• _YOUR INSTRUCTIONS_:
In the records below, find the line containing "Grand Opening Thonglor S Clinic" and repeat it and every line after it exactly, without pictures.

RECORDS PROVIDED: Begin

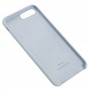 Чехол Silicone для iPhone 7 Plus / 8 Plus case dasheen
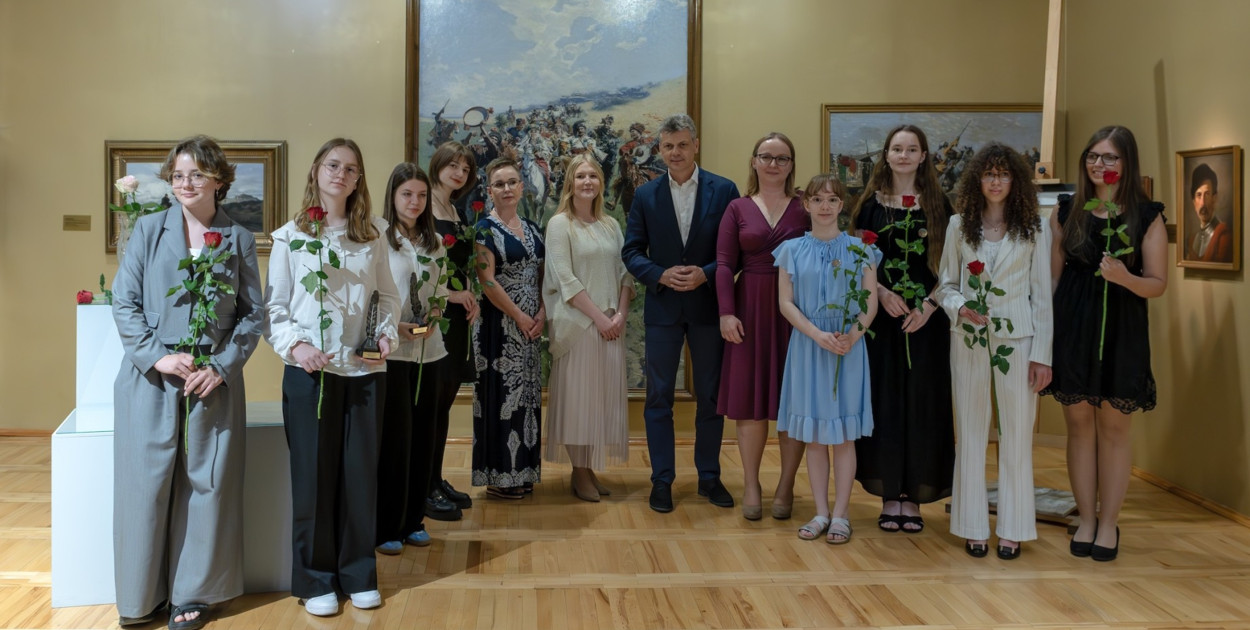 Fot. Archiwum UM w Bytomiu/Hubert Klimek 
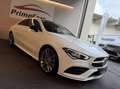 Mercedes-Benz CLA 200 Aut./AMG-LINE/PANORAMA/KAMERA/LED/CARPLAY/ Weiß - thumbnail 5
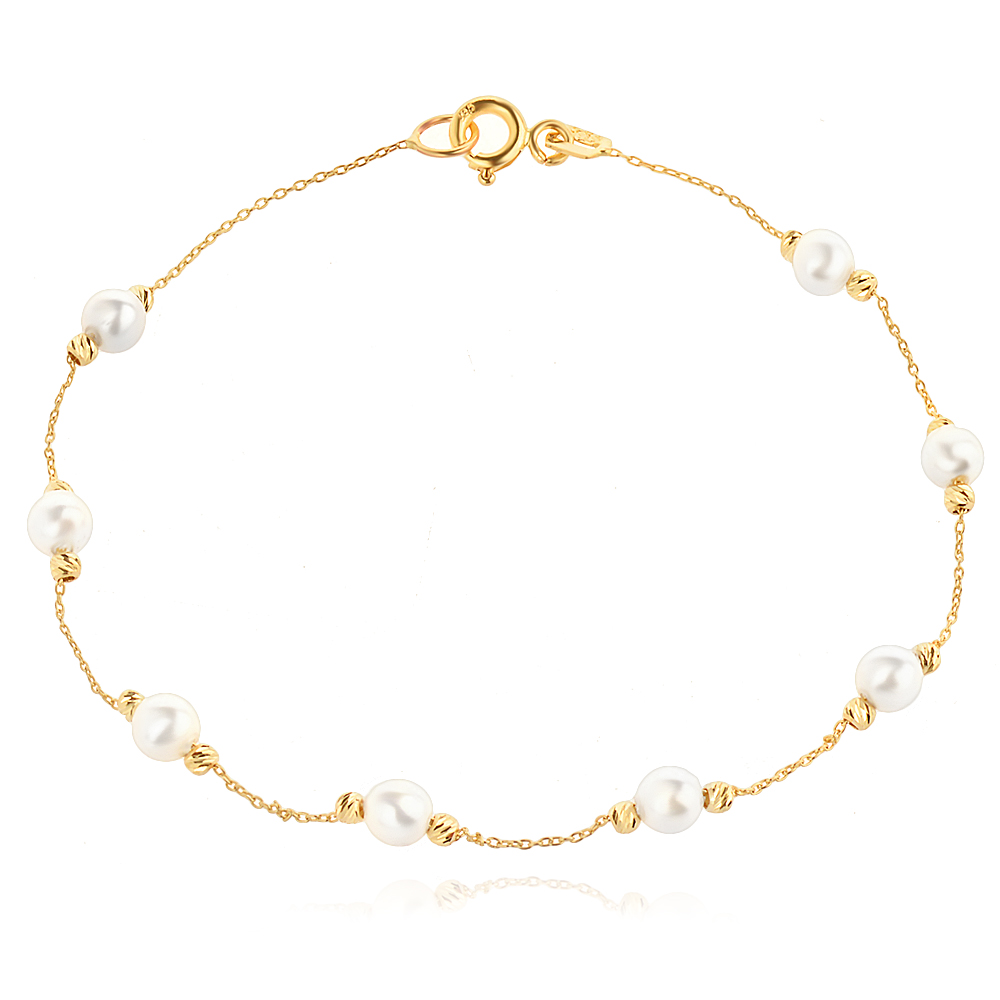 Златна Гривна Mirelle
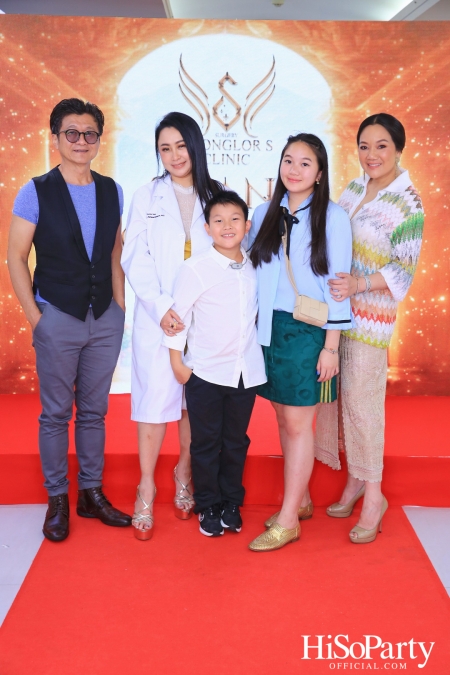 Grand Opening Thonglor S Clinic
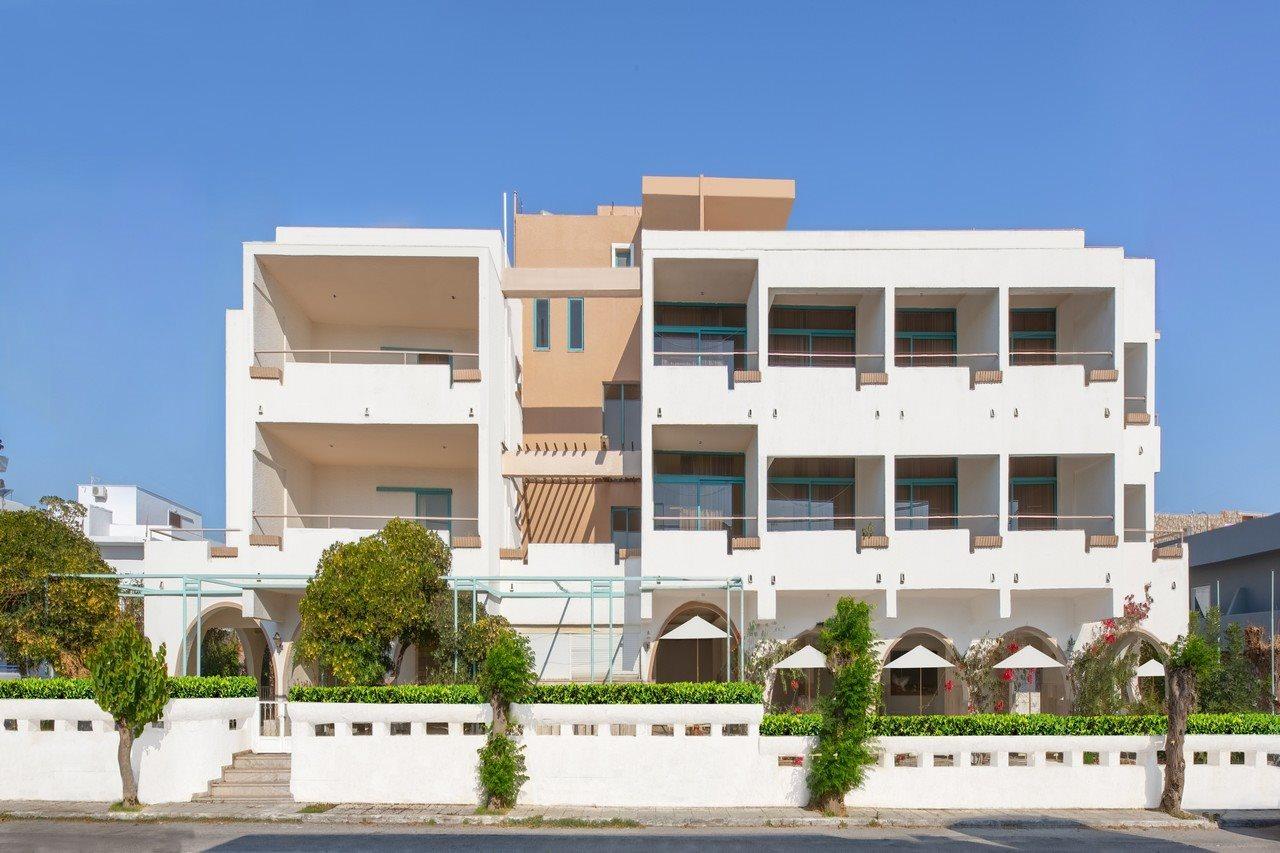 Silver Otel Kardamena (Kos)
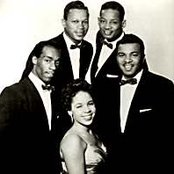 The Platters - List pictures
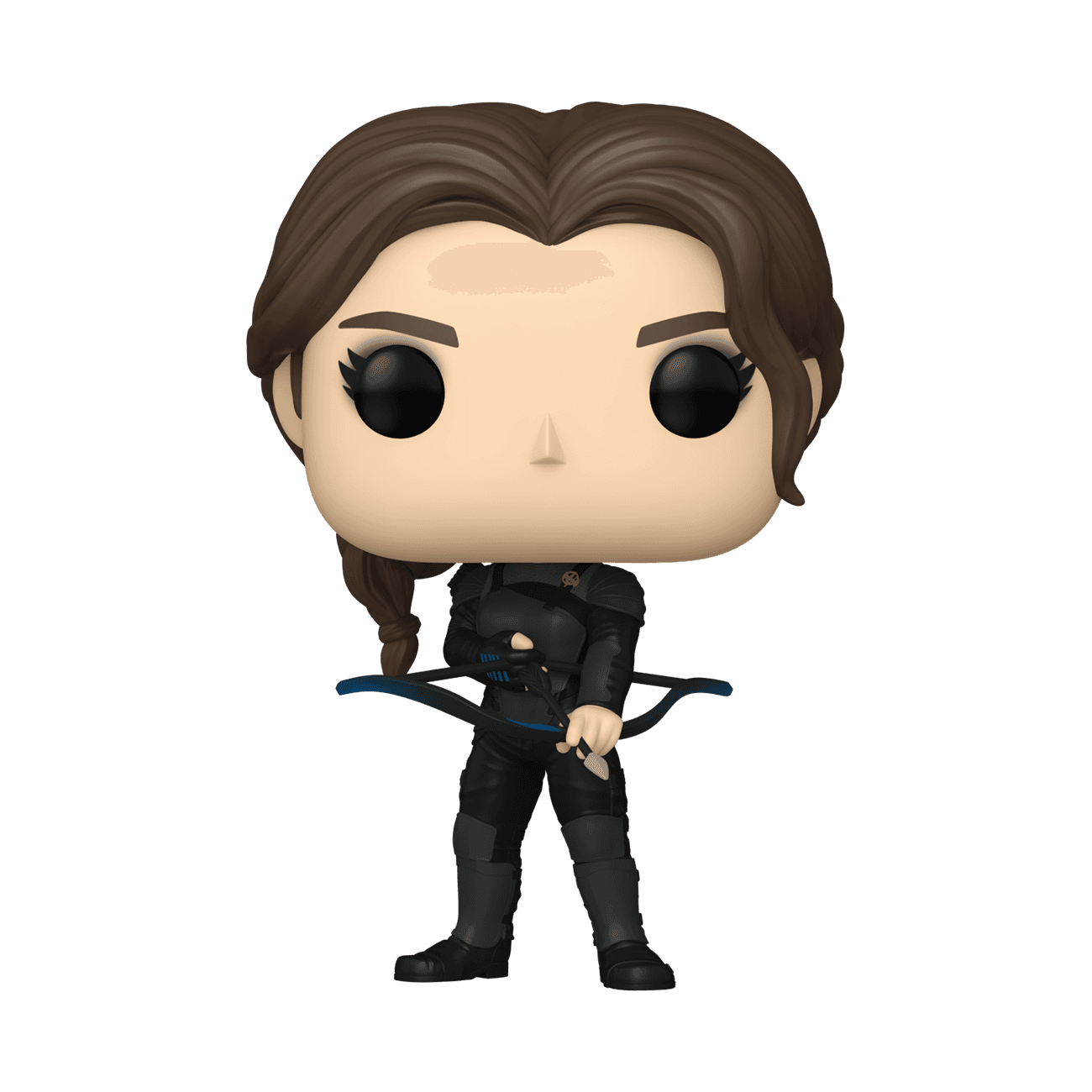 Funko POP! Movies Die Tribute von Panem – Katniss Everdeen, Vinylfigur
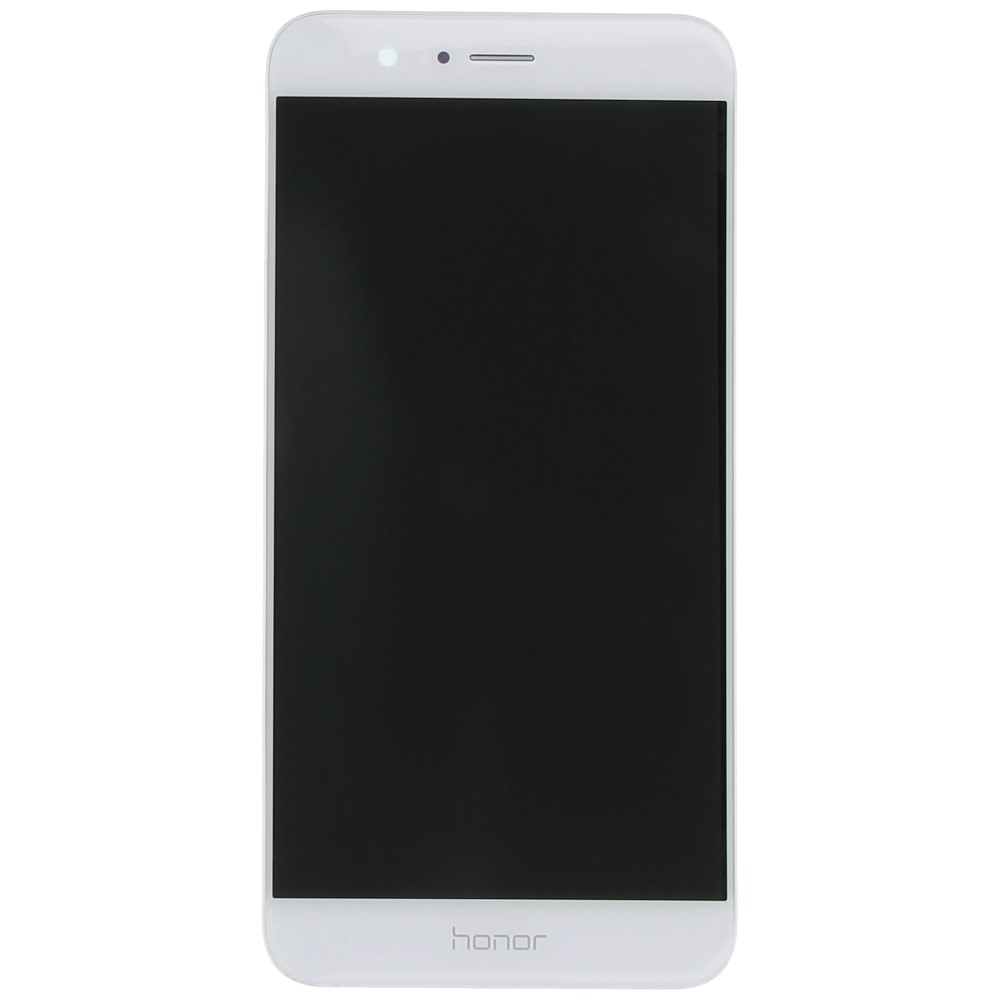 Honor Display LCD 8 Pro Gold 02351FPR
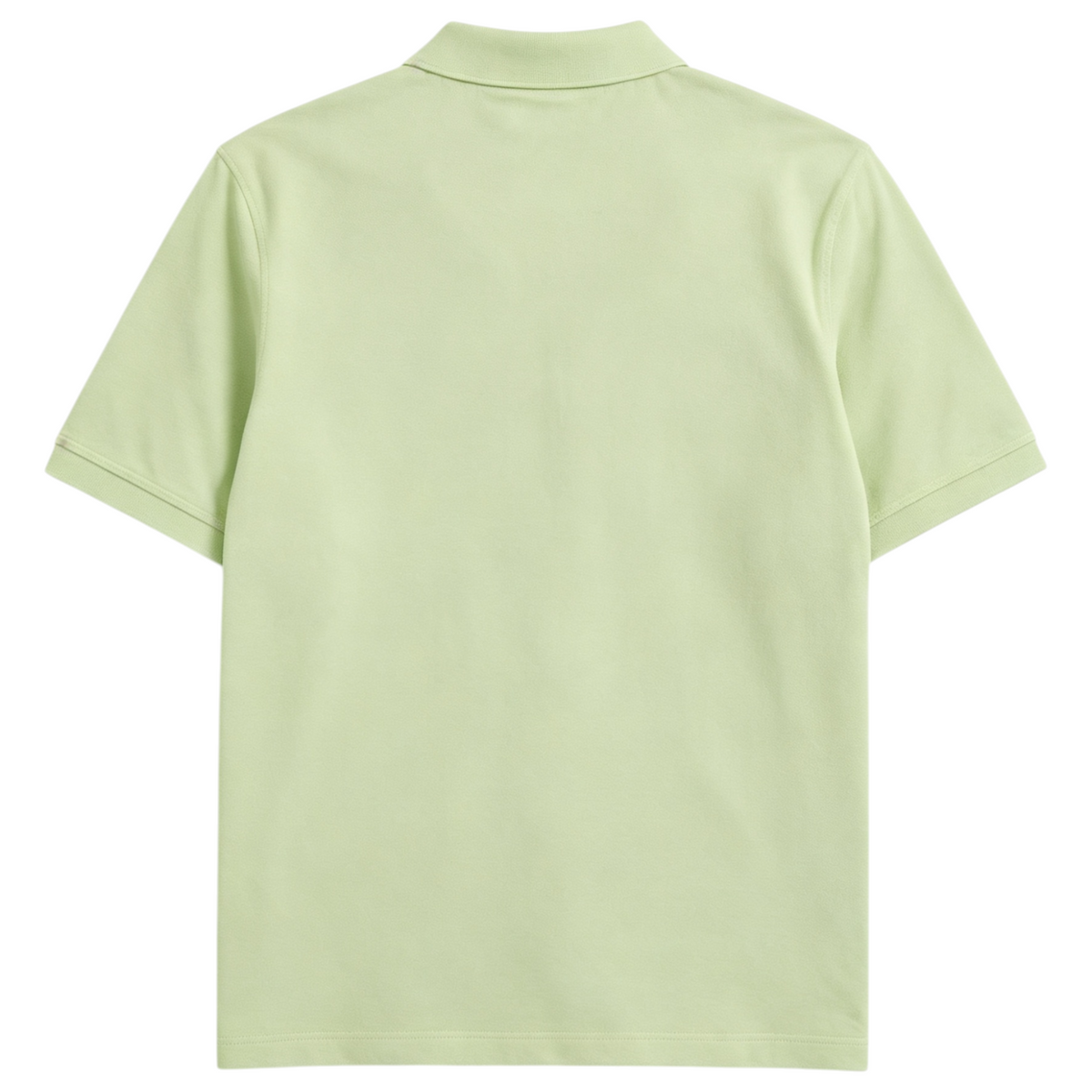 Gant Mens Polo Shirt Contrast Short Sleeve Summer Polo Cotton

RECORDS PROVIDED: End

• _WRITTEN REPLY_:
 Grand Opening Thonglor S Clinic
 Silver Otel Kardamena (Kos)
 The Platters - List pictures
 Funko POP! Movies Die Tribute von Panem – Katniss Everdeen, Vinylfigur
 Honor Display LCD 8 Pro Gold 02351FPR
 Gant Mens Polo Shirt Contrast Short Sleeve Summer Polo Cotton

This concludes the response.